In a second or subsequent process step, after closing the control valve 20 by opening the liquid valve 17 and the control valve 13, the component K1 is introduced from the boiler 10 into the product line 8a. As a result, the volume of the component K2 present there is first introduced into the bottle 2 via the liquid connection comprising the product line 8a, the connection 7 and the liquid channel 5, and this liquid connection is completely flushed with the component K1, so that in turn it is filled exclusively with the component K1 is. The volume of the component K1 flowing into the product line 8a from the boiler 10 is detected by the flow meter 18a. Taking into account the predetermined by the construction and thus known volume of fluid communication between the control valve 13 and the discharge port 6, ie taking into account the bekanten volumes of the product line 8a, the terminal 7 and the liquid channel 5 and possibly also taking into account further Füllparametern, such as Temperature of the components K1 and K2, etc., the closing of the liquid valve 17 with the actuator 16 and thus the completion of the filling process then takes place, although the component K1 is introduced into the bottle 2 with the required filling volume. At the end of each filling process, when the control valve 13 is still open, the control valve 20 for the hot circulation of the component K1 is reopened.

In the filling system 1a, the filling volume of the component K2 to be introduced into the respective bottle 2 is likewise not determined directly but indirectly by the volume of the component K1 displaced by this component and detected by the flow meters 18a and 19a.

In the filling system 1 a, the liquid valve 17 during the metering of the component K2, i. closed during the introduction of this component in the product channel 8a. The metering of the component K2 can therefore, in a filling machine having this type of filling system, already take place in the angular range of the rotational movement of the rotor 9 between a container outlet and a container inlet of the filling machine, i. in the so-called "loss angle" of the rotational movement of the rotor 9, i. before the bottle 2 to be filled is transferred to the container inlet to the respective filling station formed by the filling element 3 and the container carrier 22. As a result, the usable for the entire filling process angular range of rotation of the rotor 9 is substantially increased and recovered process time for the filling process to a considerable extent, so that given machine dimensions (diameter of the rotor 9) u.a. Also, a significant increase in the performance of the filling machine (number of filled bottles 2 per unit time) is achieved.

The inventive construction generally erroneous measurements of the flow meter 18, 19 and 18a, 19a are avoided in particular by solid components in the filling. With the construction according to the invention, furthermore, a high dosing accuracy is achieved when introducing the components K1 and K2 into the bottles 2 and a high accuracy of the total filling volume introduced into the bottles 2 in each case.

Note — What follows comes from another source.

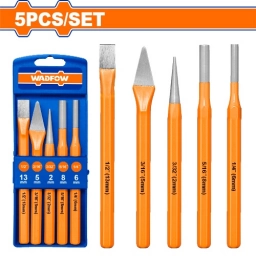 JUEGO DE CINCEL Y PUNZ�N 5PCS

The invention has been described above by embodiments. It is understood that numerous changes and modifications are possible. So is above always the volume or volume of the speech. Of course, these terms are also equivalent to "amount" or "fill quantity" enforce.

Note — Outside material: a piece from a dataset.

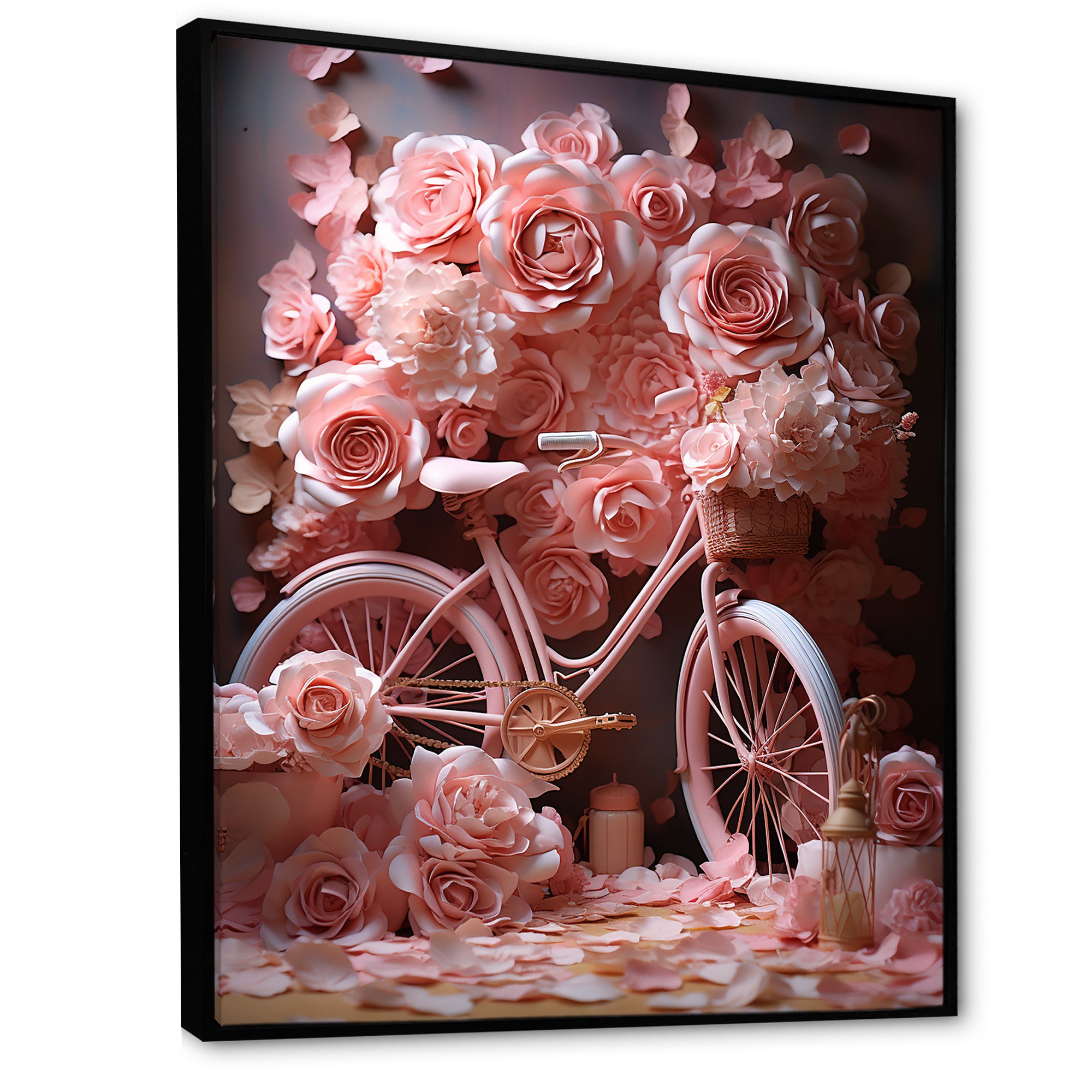Bicycle Rose Reverie - Bicycle Canvas Wall Art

In the foregoing, the present invention has been explained essentially in terms of such filling elements 3, which were intended or suitable for hot filling of products. It goes without saying, however, that other, not intended for hot filling of products or filling materials filling elements for the application of the present invention are suitable, so that the present invention or the application of this invention defies the selected embodiments not for hot filling suitable filling elements 3 is limited

Furthermore, it was assumed that the component K2 is introduced into the metering or storage space formed by the product line section 8.1 or by the product line 8a and possibly also partially by the connection 7 only in one method step of the entire filling process and in a subsequent method step from this is applied with the component K1 in the bottle 2. Of course, in particular with correspondingly large-volume bottles 2 or other large-volume containers, it is possible to repeat these aforementioned process steps twice or repeatedly in the respective filling process. In any case, however, the measurement of the filling volume of the component K2 takes place indirectly by measuring the volume of the component K1 displaced by this component, so that the control of the filling process can be effected exclusively by signals of flow meters 18/19 or 18a / 19a, which are currently only available from the component K1 or a medium to be flowed through which contains the component K2 at most in a proportion which is not relevant to the measurement accuracy and / or measurement reliability.

LIST OF REFERENCE NUMBERS

1, 1a

filling system

2

bottle

2.1

bottle opening

3

infill

4

filling element

5

Liquid channel in the housing 4

6

discharge opening

7

connection

8, 8a

Product or dosing line

8.1

Product line section

9

rotor

10

boiler

10.1

liquid space

10.2

headspace

11, 12

annular channel

13

control valve

14

connecting line

15

control valve

16

actuator

17

liquid valve

18, 19

Flowmeter

18a, 19a

Flowmeter

20

control valve

21

fluid communication

22

container carrier

K1, K2

Components of the contents

FA

filling element

Claims (13)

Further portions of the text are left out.